# Bulk loading for distributed mode

## Overview

The guidelines on this page are a framework for efficiently bulk-loading large graph datasets into an Aerospike database using the distributed mode of the Aerospike Graph Service (AGS) bulk loader.

Loading large volumes of graph data is a computationally demanding task. The best way to optimize it is by harnessing the computational capabilities of cloud services such as Amazon Web Services (AWS) or Google Cloud Platform (GCP) in tandem with the parallel-processing tool [Apache Spark](https://spark.apache.org/).

## Prerequisites

-   An Aerospike Database instance running on your cloud service.

    -   See [Deploying on GCP](https://aerospike.com/docs/database/install/gcp/install.md) for help with GCP.
    -   See [Deploying on AWS](https://aerospike.com/docs/database/install/aws/install.md) for help with AWS.

-   A cloud bucket with write access for data processing.

-   Source data files stored in cloud buckets for edges and vertices in the [Gremlin CSV format](https://aerospike.com/docs/graph/2.5.0/develop/data-loading/csv-format.md).
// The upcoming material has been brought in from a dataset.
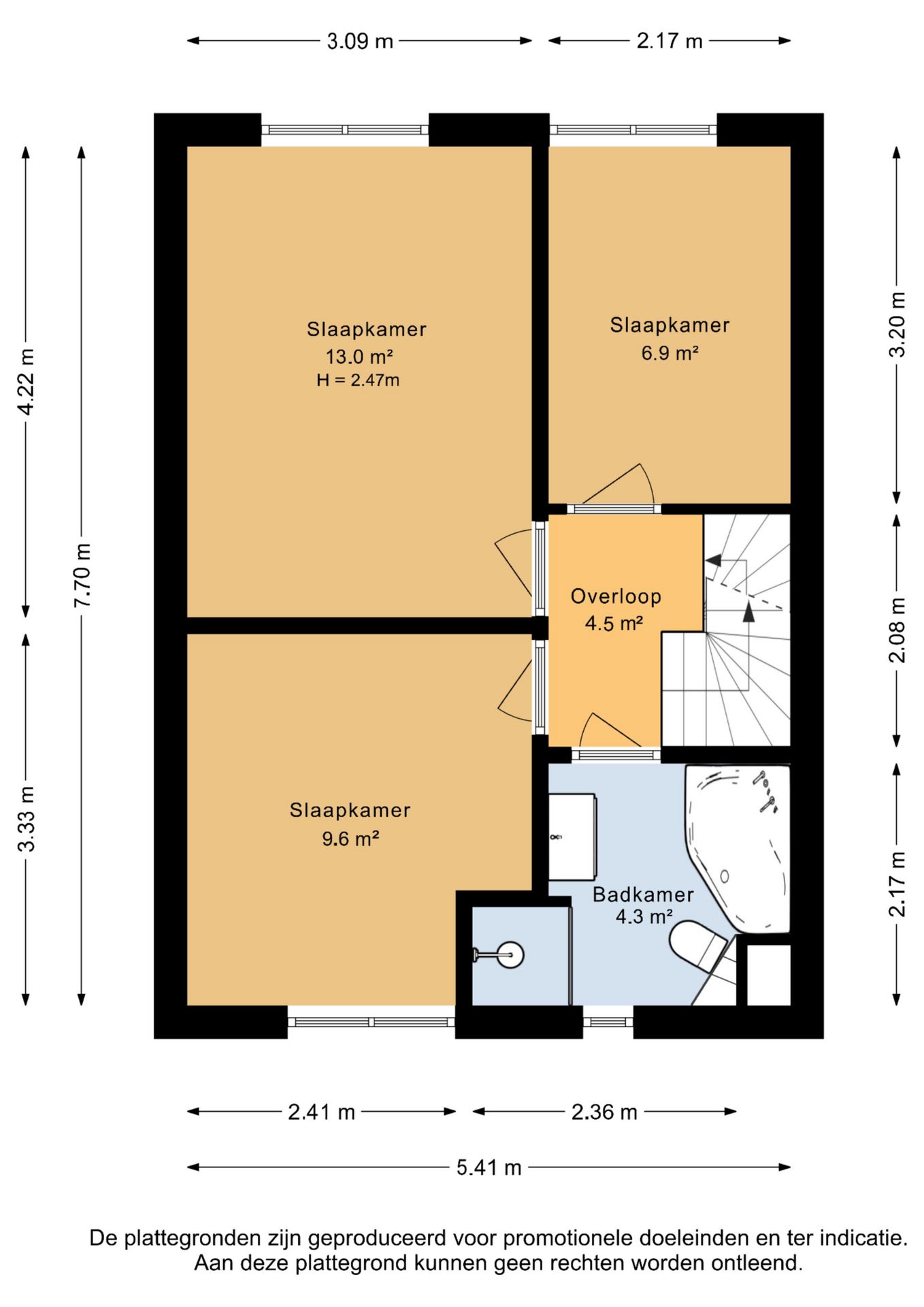 Move-in ready terraced house with 4 bedrooms, energy label A and south-facing garden in Heer Oudelands Ambacht — 49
-   The bulk loader [JAR file](https://aerospike.com/download/?software=graph-loader), stored in a cloud bucket.

-   An AGS properties file, stored in a cloud bucket.

### The properties file

The AGS properties file contains configuration information for AGS, such as the network address of the Aerospike Database. To use the bulk loader, make a copy of your [`config.properties`](https://aerospike.com/docs/graph/reference/config.md) file, append the relevant bulk loader configuration properties, and save it in the same cloud bucket with your source data files and bulk loader JAR file.

The following table lists some required and optional bulk loader configuration options.
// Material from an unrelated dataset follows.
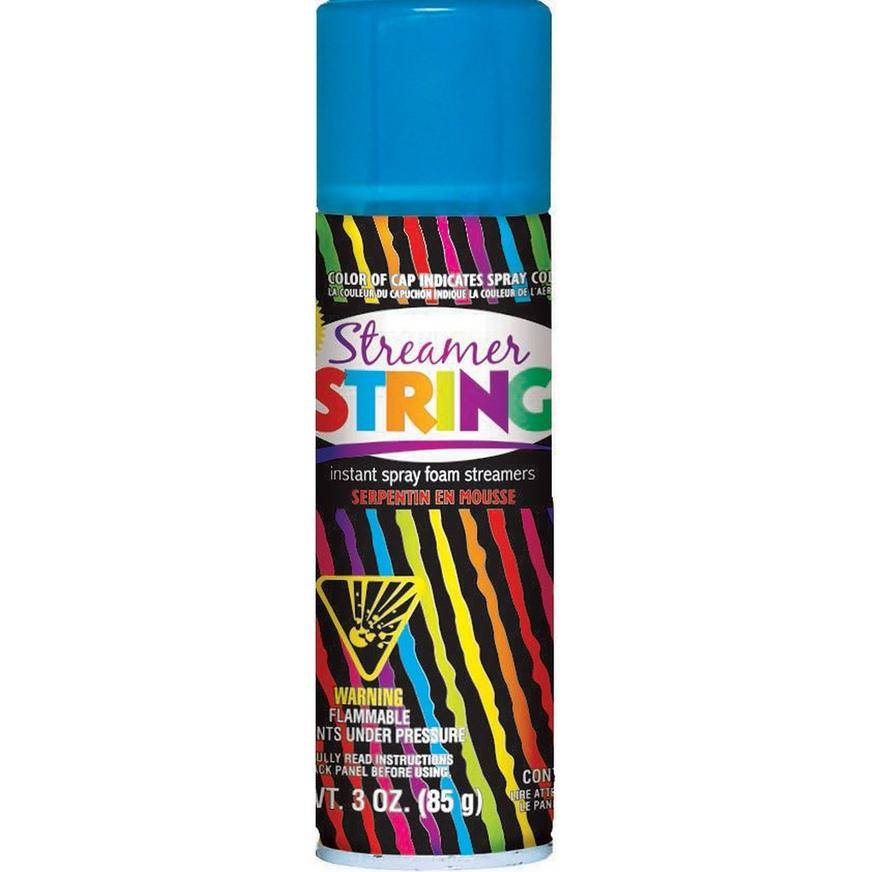 Party City Streamer String Spray (blue)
| Configuration key | Required? | Default | Description |
|----|----|----|----|
| `aerospike.graphloader.edges` | yes | none | URI path to edge CSVs. On GCP: `gs://PATH_TO_BUCKET/edges/` On AWS: `s3://PATH_TO_BUCKET/edges/` |
| `aerospike.graphloader.vertices` | yes | none | URI path to vertex CSVs. On GCP: `gs://PATH_TO_BUCKET/vertices/` On AWS: `s3://PATH_TO_BUCKET/vertices/` |
| `aerospike.graphloader.sampling-percentage` | no | 0 | Percentage of loaded elements to read back after writing to verify successful bulk loading when the `-validate_output_data` flag is enabled. |
| `aerospike.graphloader.temp-directory` | yes | none | URI path to an empty directory with read/write access that can be used temporarily to store transformed intermediate data for bulk loading. Users must verify that the specified location is empty. This directory is not removed by the application after job completion. The temp directory must be on the same platform as the edges and vertices files. On GCP: `gs://PATH_TO_BUCKET/temp/` On AWS: `s3://PATH_TO_BUCKET/temp/` |

The `aerospike.graphloader.edges` and `aerospike.graphloader.vertices` options specify the location of your edge and vertex source data files. Verify that the bulk loader process has access to the cloud bucket containing your source files.

For a full description of the properties file and a list of configuration options, see [configuration options](https://aerospike.com/docs/graph/reference/config#aerospikegraphloader-options.md).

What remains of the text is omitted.